Un estudio bíblico por Jack Kelley

Parte 6 de 9

Habiendo empezado a mostrar la debilidad del sacerdocio levítico cuando se compara con el de Melquisedec, el autor continúa en la misma dirección. Los sacerdotes levíticos eran pecadores y tenían que estar presentando sacrificios día a día y año a año, y después morían y otro sacerdote tomaba su lugar para hacer lo mismo una y otra vez. Nosotros necesitamos un sumo sacerdote que no es un pecador, quien solamente necesita ofrecer un sacrificio, quien vive para siempre y nos puede salvar para siempre.

Hebreos Capítulo 8

El Sumo Sacerdote del Nuevo pacto

Ahora bien, el punto principal de lo que venimos diciendo es que el sumo sacerdote que tenemos es tal que se sentó a la derecha del trono de la Majestad en los cielos. Él es ministro del santuario, de ese tabernáculo verdadero, levantado por el Señor y no por seres humanos. Todo sumo sacerdote es designado para presentar ofrendas y sacrificios, y por eso es necesario que también tenga algo que ofrecer. Si estuviera sobre la tierra, ni siquiera sería sacerdote, porque aquí ya hay sacerdotes que presentan las ofrendas de acuerdo con la ley.

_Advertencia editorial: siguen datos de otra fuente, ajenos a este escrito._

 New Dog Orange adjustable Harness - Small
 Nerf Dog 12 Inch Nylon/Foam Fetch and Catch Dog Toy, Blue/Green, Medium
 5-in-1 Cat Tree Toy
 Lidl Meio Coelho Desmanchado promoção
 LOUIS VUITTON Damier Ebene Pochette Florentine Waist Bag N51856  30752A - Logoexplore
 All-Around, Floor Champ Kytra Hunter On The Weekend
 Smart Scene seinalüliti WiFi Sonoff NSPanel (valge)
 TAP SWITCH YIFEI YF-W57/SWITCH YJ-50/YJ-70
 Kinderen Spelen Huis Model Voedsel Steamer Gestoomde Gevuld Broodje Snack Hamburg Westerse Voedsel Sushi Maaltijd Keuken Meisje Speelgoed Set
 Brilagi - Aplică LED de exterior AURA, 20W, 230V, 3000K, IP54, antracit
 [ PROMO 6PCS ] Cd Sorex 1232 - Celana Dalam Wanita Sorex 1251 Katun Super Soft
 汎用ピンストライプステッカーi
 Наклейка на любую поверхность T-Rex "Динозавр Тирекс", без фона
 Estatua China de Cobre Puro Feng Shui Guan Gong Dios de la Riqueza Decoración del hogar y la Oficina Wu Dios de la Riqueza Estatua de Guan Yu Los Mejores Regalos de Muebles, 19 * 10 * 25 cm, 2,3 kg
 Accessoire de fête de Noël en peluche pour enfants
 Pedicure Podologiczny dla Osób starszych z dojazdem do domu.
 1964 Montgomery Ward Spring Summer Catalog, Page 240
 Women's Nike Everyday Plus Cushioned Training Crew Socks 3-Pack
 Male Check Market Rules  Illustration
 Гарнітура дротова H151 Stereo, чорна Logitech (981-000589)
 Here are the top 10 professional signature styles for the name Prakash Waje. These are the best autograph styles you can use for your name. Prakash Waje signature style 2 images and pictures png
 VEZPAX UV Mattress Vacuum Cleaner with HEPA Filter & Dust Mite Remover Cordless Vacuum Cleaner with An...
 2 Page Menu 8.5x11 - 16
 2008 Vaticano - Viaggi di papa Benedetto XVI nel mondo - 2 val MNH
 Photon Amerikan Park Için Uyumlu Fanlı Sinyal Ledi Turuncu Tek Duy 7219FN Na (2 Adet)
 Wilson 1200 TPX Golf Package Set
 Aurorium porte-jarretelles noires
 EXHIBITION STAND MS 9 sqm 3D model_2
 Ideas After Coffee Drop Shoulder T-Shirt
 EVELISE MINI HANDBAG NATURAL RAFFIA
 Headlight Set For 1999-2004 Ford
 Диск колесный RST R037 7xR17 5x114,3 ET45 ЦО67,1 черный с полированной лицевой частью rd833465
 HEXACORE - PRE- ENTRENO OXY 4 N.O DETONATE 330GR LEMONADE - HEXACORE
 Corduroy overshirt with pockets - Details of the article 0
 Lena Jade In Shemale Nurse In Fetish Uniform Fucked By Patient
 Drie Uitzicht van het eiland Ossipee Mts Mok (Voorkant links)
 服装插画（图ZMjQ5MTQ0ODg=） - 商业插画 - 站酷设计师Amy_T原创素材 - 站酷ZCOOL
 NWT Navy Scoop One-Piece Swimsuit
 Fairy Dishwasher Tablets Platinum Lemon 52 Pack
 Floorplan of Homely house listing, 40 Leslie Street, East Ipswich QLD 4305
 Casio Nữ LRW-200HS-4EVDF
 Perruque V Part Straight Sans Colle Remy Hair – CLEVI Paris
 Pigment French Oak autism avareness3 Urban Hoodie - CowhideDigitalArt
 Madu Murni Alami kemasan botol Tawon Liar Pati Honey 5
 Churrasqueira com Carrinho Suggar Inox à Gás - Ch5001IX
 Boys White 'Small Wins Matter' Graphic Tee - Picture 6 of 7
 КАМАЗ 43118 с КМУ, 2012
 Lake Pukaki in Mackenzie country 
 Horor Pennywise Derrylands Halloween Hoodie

Estos sacerdotes sirven a lo que no es más que modelo y sombra de las cosas celestiales, tal y como se le advirtió a Moisés cuando iba a levantar el tabernáculo: «Ten cuidado de hacer todas las cosas según el modelo que se te ha mostrado en el monte.» Pero nuestro Sumo Sacerdote ha recibido un ministerio mucho mejor, pues es mediador de un pacto mejor, establecido sobre mejores promesas” (Hebreos 8:1-6).

Todo lo que Moisés construyó en el desierto fue una copia de algo que él vio en el Cielo. Era el diseño para la tierra de una réplica de las cosas verdaderas en el Cielo. Por consiguiente, las promesas que acompañaban a lo terrenal no eran tan buenas como las promesas de lo que era verdadero en el Cielo.

Nunca ningún sacerdote levítico fue al Ciclo a sentarse a la derecha de la Majestad, ni ninguno de ellos podía ofrecerse como nuestro sacrificio. Lo mejor que el Antiguo Pacto podía hacer era dejar a un lado los pecados de la gente, y eso se podía hacer únicamente si se llevaban a cabo una serie de estrictas regulaciones.

Pero nuestro Sumo Sacerdote sí entro en el Ciclo y sí está sentado a la mano derecha de Dios. Y debido a Su sacrificio perfecto, el Nuevo Pacto nos separa de nuestros pecados como el oriente está separado del occidente, y ya no es necesaria ninguna obra suplementaria de nuestra parte para mantenerlo de esa manera.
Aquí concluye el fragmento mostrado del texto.